TASK TO COMPLETE: Exclude the pictures; give every entry again exactly as written.

[Saved entries]
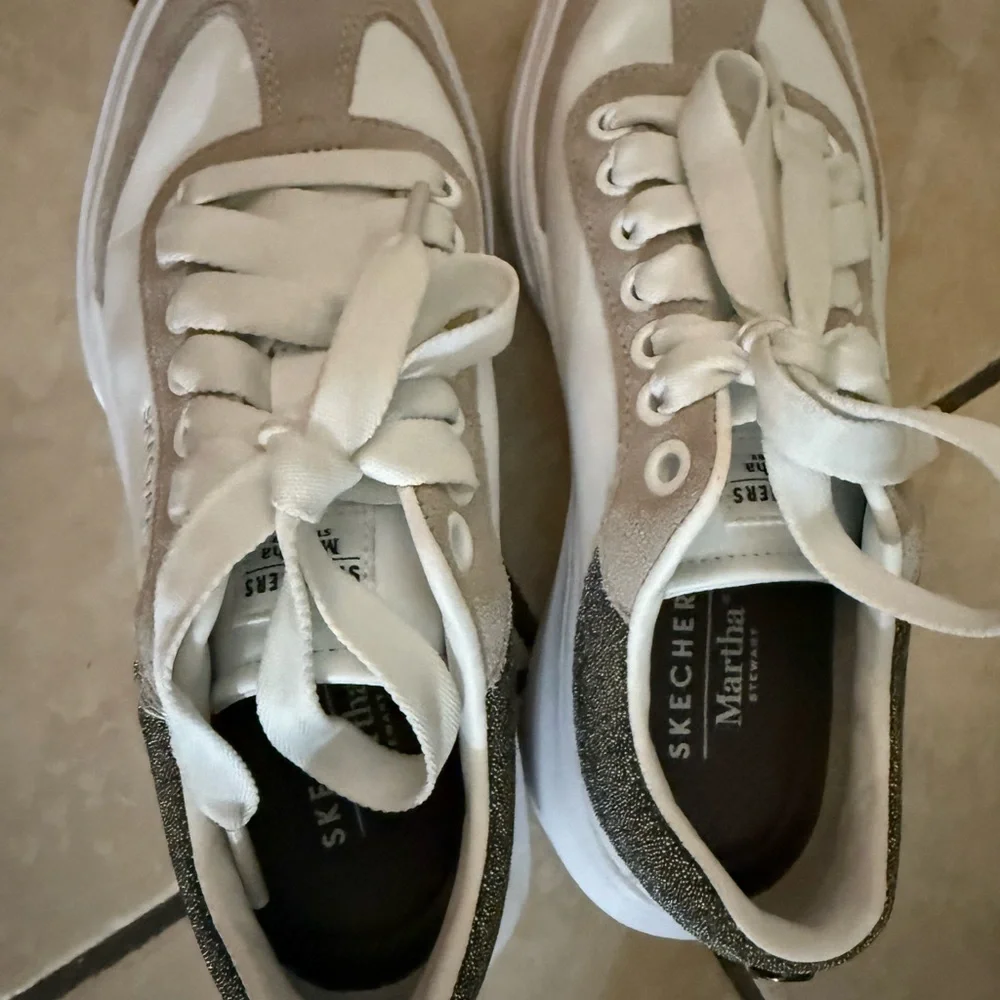 Sketchers Martha Stewart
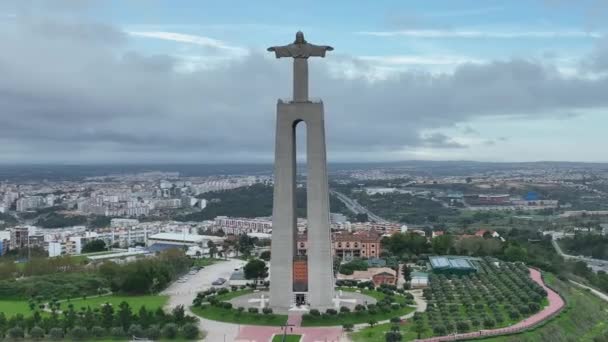 キリストの聖域王 ポルトガルのアルマダに位置リスボンの街を見下ろすイエス キリストの神聖な中心部に捧げられたカトリックの記念碑や神社 — ストック動画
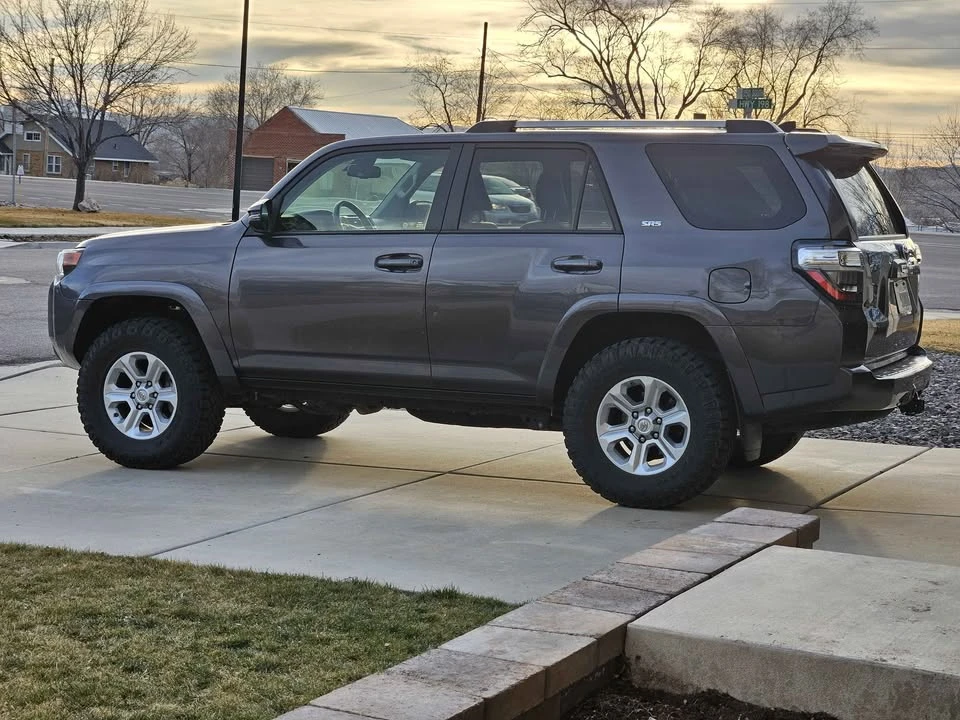 2020 Toyota 4Runner 5th Gen - Image 3 of 5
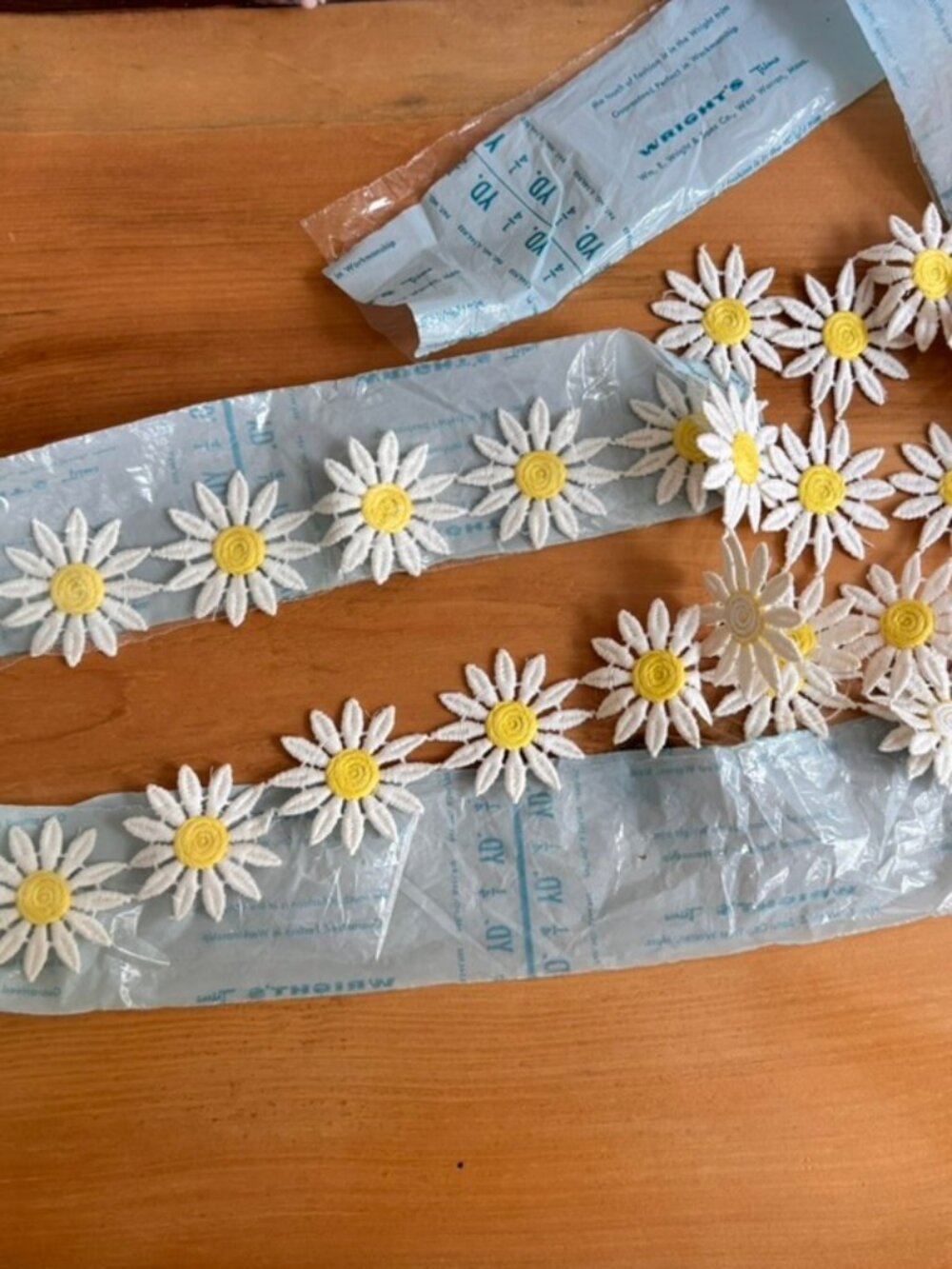 Vintage Wright's Daisy Lace Trim 1 Yard 17.5"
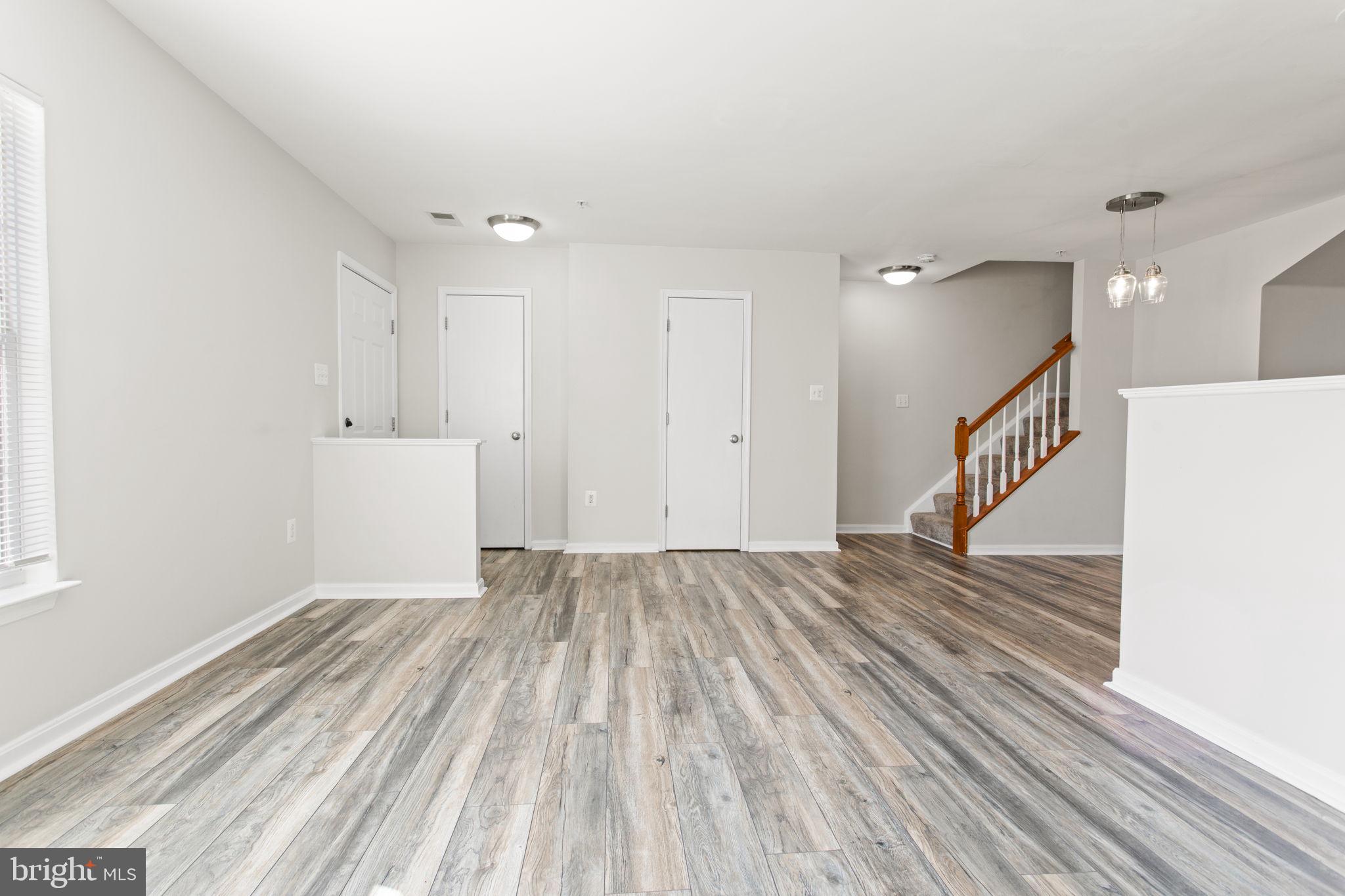 WELLINGTON TRACE - Residential Lease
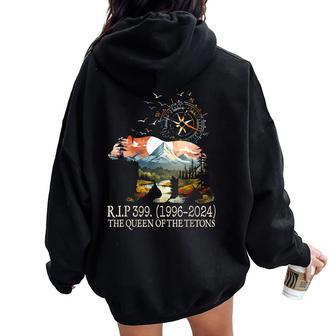 Grizzly 399 28 Years Old Memory The Queen Of The Tetons Women Oversized Hoodie Back Print - Thegiftio UK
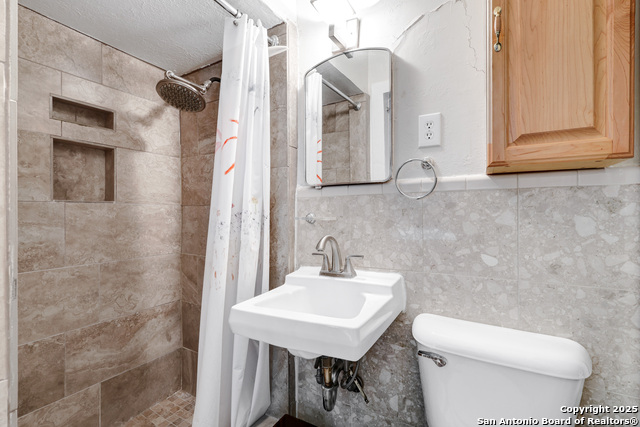 Image 19 of 31 For 632 Broadview W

YOUR RESPONSE:
 Sketchers Martha Stewart
 キリストの聖域王 ポルトガルのアルマダに位置リスボンの街を見下ろすイエス キリストの神聖な中心部に捧げられたカトリックの記念碑や神社 — ストック動画
 2020 Toyota 4Runner 5th Gen - Image 3 of 5
 Vintage Wright's Daisy Lace Trim 1 Yard 17.5"
 WELLINGTON TRACE - Residential Lease
 Grizzly 399 28 Years Old Memory The Queen Of The Tetons Women Oversized Hoodie Back Print - Thegiftio UK
 Image 19 of 31 For 632 Broadview W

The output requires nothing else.